So then came the week’s training ready for the vala (the passing out parade). This was our chance to swear elegance to the Motherland, stand proudly in front of our closest friends and family, and experience a palpable atmosphere of patriotism mixed with an overwhelming sense of determination. In reality, it involved me standing as still as possible for a long time with a heavy assault rifle on my shoulder trying not to literally pass out as several guys did. The most interesting part of the parade was the occasional distant thud that would come as another guy’s blood pressure dropped too low. Fortunately though, I was left standing by the end.
Which brings me up to the weekend I just had. My parents and sisters flew out from London to see me and spending the weekend with them has been a very surreal reminder of who I really am. It’s funny how quickly you revert back to your normal self when your family are around.

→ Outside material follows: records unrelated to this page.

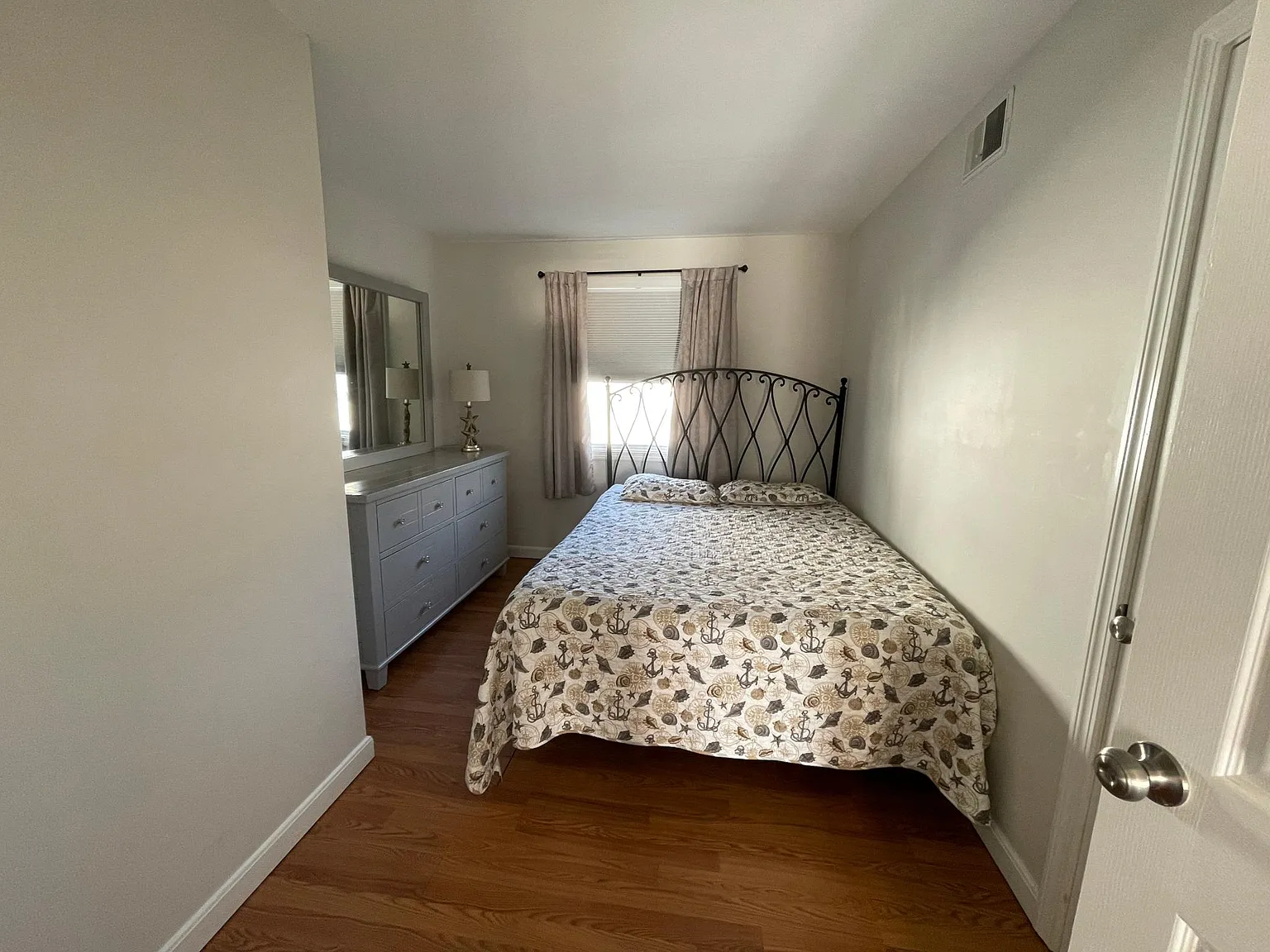 3 bed, 884 sqft, $1,675 — Photo 4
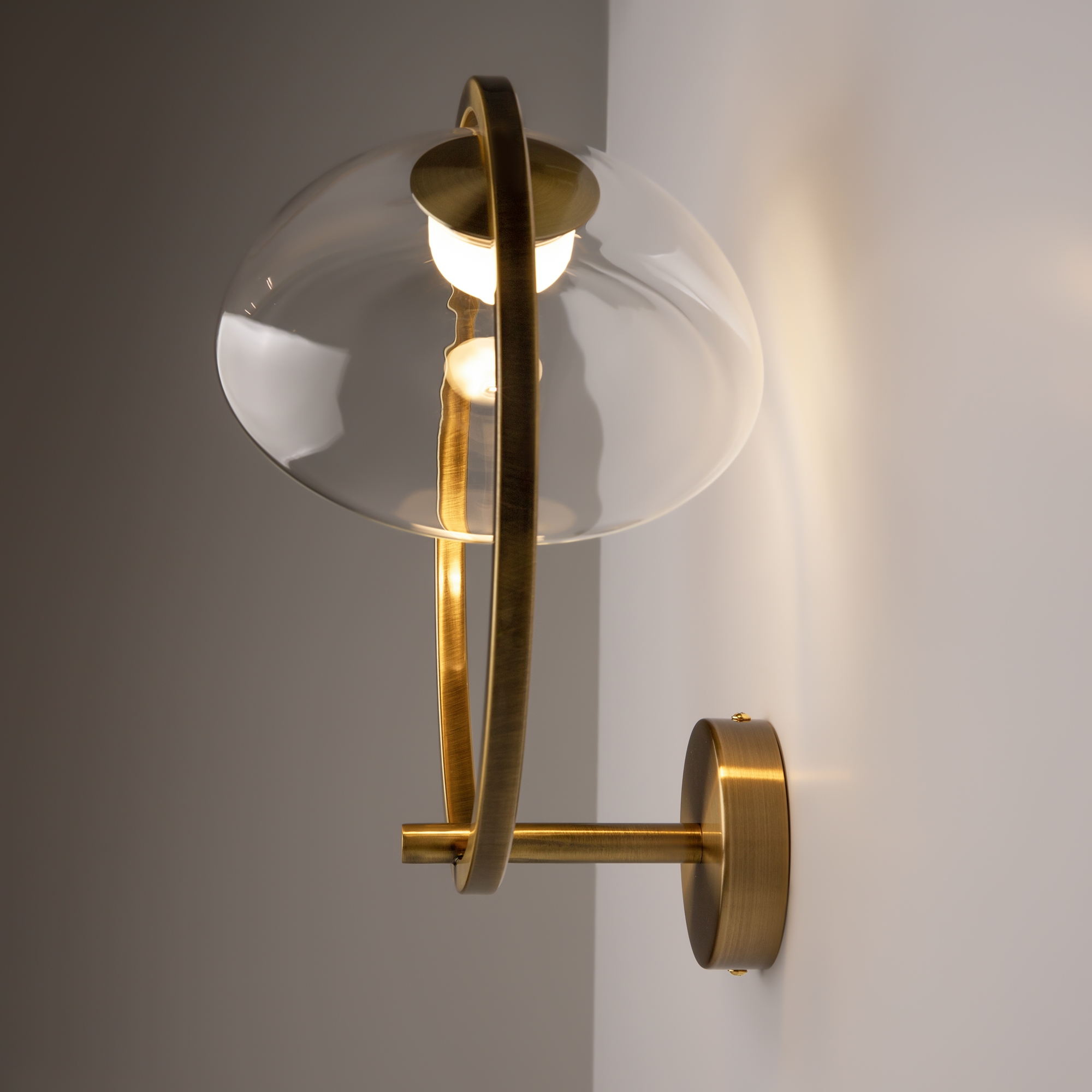 картинка Настенный светильник (бра) Maytoni MOD327WL-L5BS3K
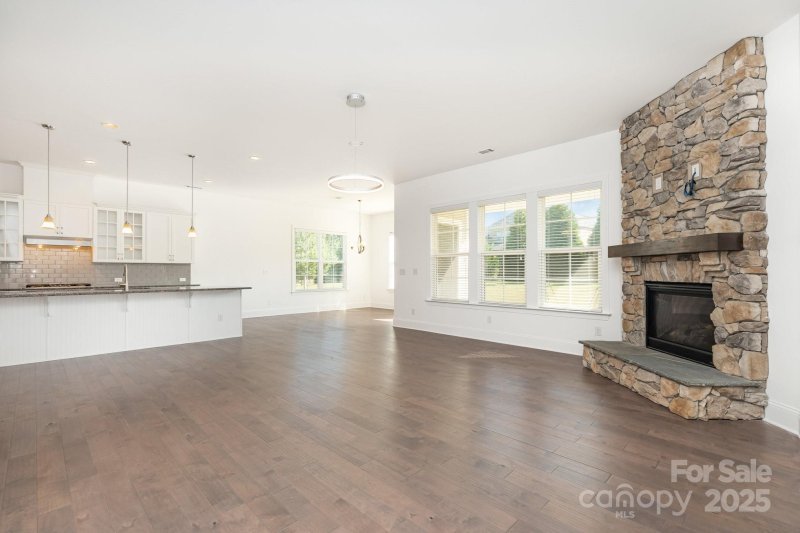 Property image 4 of 13609 Laughing Gull Drive in Chapel Cove, Charlotte, NC 28278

That’s not to say that I think I have changed very much from being here. It’s more like I have had a big part of my personality tucked away in a box that I opened up especially for this weekend. All of the walls and defences that I have had up for the last month have come down and I have surprised myself by feeling like David Hubbard from Harrow again.
That is what has made this blog post so hard to write. I guess it’s probably some of the reason why I have been putting off writing it this weekend. By not writing this I was basking in the fact that I had time left to spend with my family. I was enjoying the luxury of being able to say that I’ll write it later. Now though there is no “later”. Now I have to pack my bag up again and get in the car to head back to base. It’s kind of hard to go back again now that I have had a taste of home. The months ahead of me now suddenly feel very daunting and I am realising how much of the mountain is still in front of me. It’s fine though. The view from the top of the mountain will make it all worth it.